Personally, I find them good, but very slow (RTX 3050, Mistral 7B) and hard to make them output in a consistent format (JSON, bullet points). GPT 3.5 makes it look like a pointless exercise from a speed and consistency perspective.
Any usecases for Local LLMs apart from them being local so we can feed sensitive documents?
It’s fun running models from HuggingFace on my computer. Finally, something that utilizes my computer’s 64GB of RAM and 24GB of VRAM. It’s neat seeing the immense performance difference between CPU (Ryzen 7 5700X) and GPU (RTX 3090) offloading.
I think as with most “Cloud vs on-prem” arguments, it comes down to cost vs convenience. Building an application on Azure or AWS is as easy as it gets, but if money is scarce, you can’t beat on-prem for raw resources.
I’m writing a program right now that will query ChatGPT 4 with… A LOT of tokens. We project it will cost between $5k and $15k and probably run for around 2 days. *OR* I could feed that same data through a local model running on the RTX 3090 and it’ll cost like $20 in electricity, and take maybe 6 days.
Right now, I'm prompting Mistral to generate these titles in "clickbait" style. I fold the topic of the message and other context into the prompt.
My intention is to shift my attention to the message, which shifts my attention to something else I need to do, because I tend to over-focus on whatever I'm doing at the moment.
It doesn't matter whether what I'm doing at the moment is "good" or "bad". Based on probability, I should almost always switch my attention when I receive such a message because I should have switched an hour ago.
To guarantee consistent JSON output, I use a llama.cpp grammar (converted from JSON schema)
Generation is via CPU (Ryzen 5800) because it's an async background operation and also because my 1070 GPU is being used by Stable Diffusion XL Turbo to generate the image that goes along with the message.
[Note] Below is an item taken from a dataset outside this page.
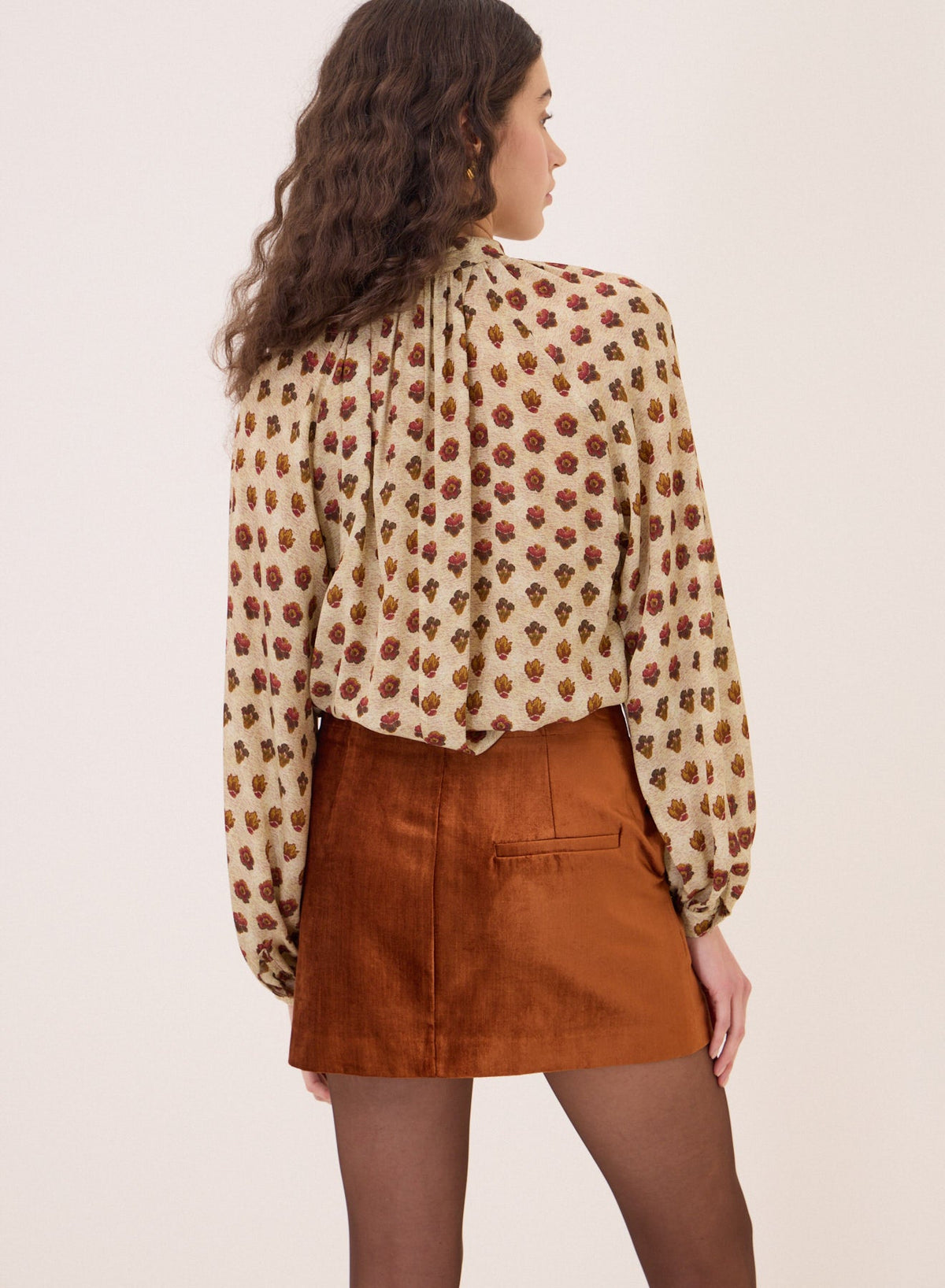 Printed Blouse - Detour Boutiques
For example, lets say some image editing software decided to use Stable Diffusion to fill in image data in one of their Content Aware tools or something, they would not tell the user to install and run Ollama or sdapi from their CLI. They would install the LLMs when you install the app, and talk to it when you use the app. The end user would never know an LLM is being ran locally, any more than they know DirectX is running. (some might)
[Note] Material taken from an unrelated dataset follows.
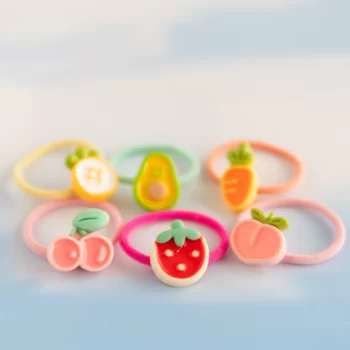 Colitas de pelo frutales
I like this use case because image/music/video editing software already requires good CPU/GPU, and in the case of Photoshop, I'm used to my fans blaring when I run Filter Gallery (lol) I as the end user would not need to know that LLMs are being invoked as I use software.
I think this use case is a lot stronger than any cloud-based one as long as it's this expensive to run GPU in the cloud - and the fact that present cloud behavior is to use one of the Big 3, anyone looking for cloud AI will use an OpenAI or another major provider - in the end something from Microsoft, Google, etc.
AI seems totally not like a giant bubble.